- _Information supplied_
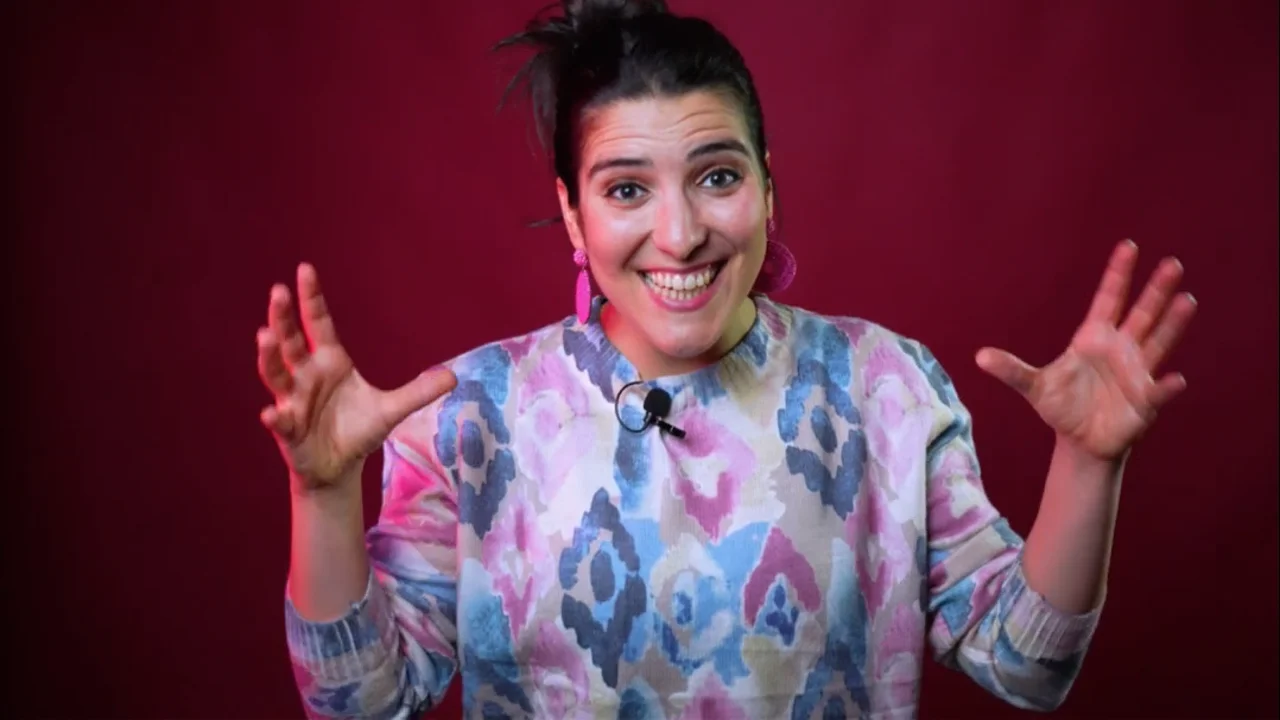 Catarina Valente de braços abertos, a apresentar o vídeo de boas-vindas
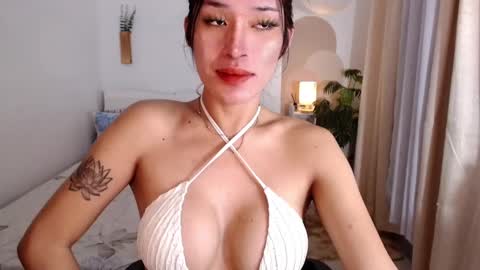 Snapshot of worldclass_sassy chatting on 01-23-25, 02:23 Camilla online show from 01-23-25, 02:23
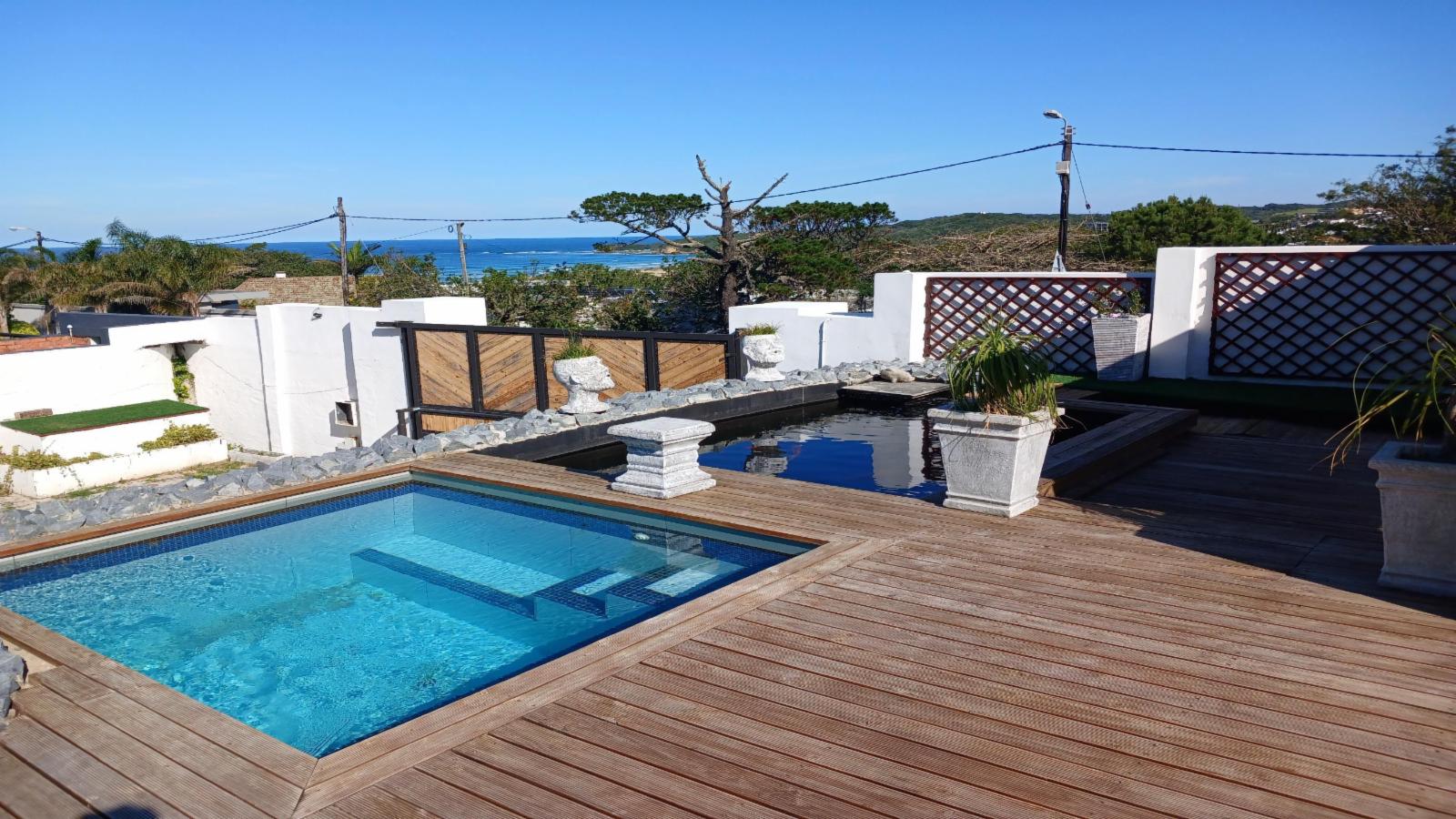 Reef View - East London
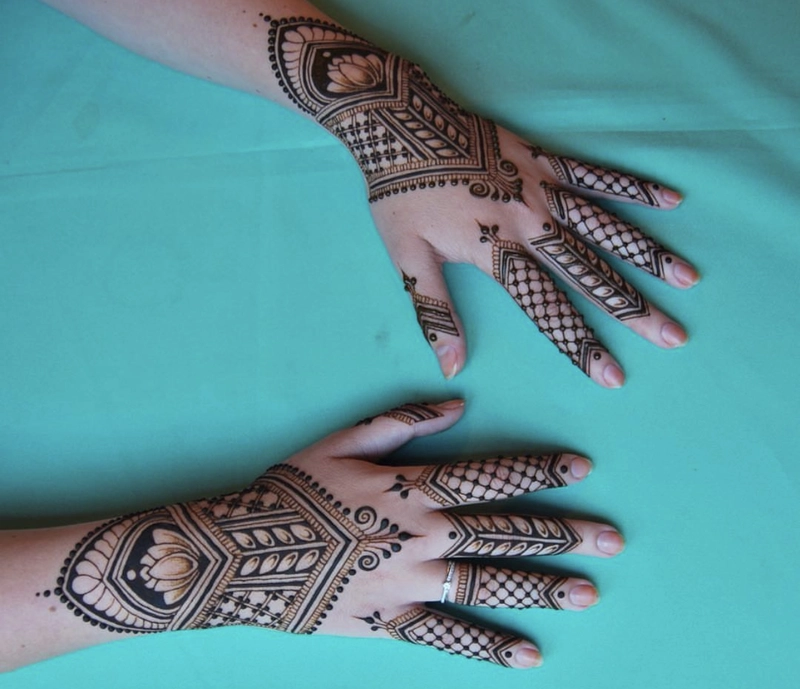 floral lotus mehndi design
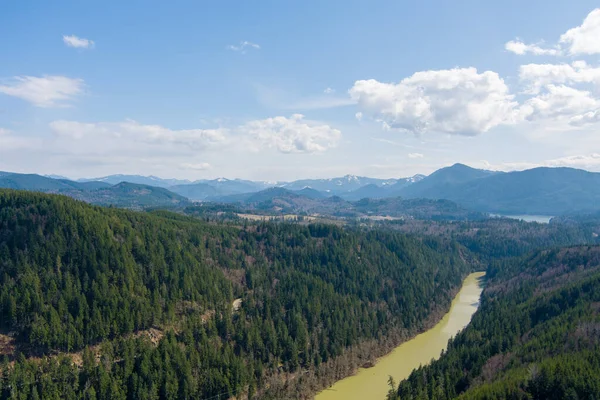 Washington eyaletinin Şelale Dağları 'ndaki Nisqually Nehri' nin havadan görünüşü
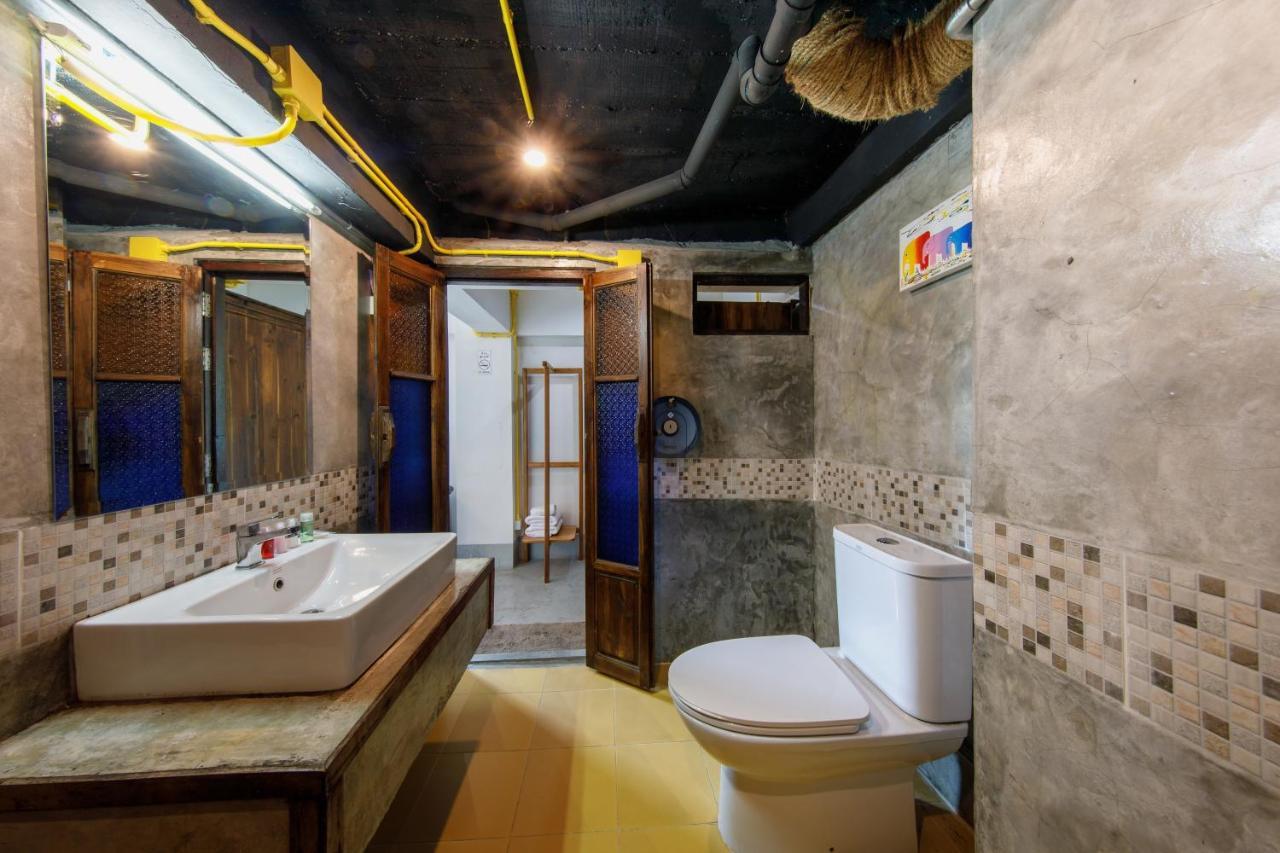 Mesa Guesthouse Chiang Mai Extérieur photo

- _Work item_
An exact copy of all the entries above is required, with every picture left out.

- _Solution for this problem_
 Catarina Valente de braços abertos, a apresentar o vídeo de boas-vindas
 Snapshot of worldclass_sassy chatting on 01-23-25, 02:23 Camilla online show from 01-23-25, 02:23
 Reef View - East London
 floral lotus mehndi design
 Washington eyaletinin Şelale Dağları 'ndaki Nisqually Nehri' nin havadan görünüşü
 Mesa Guesthouse Chiang Mai Extérieur photo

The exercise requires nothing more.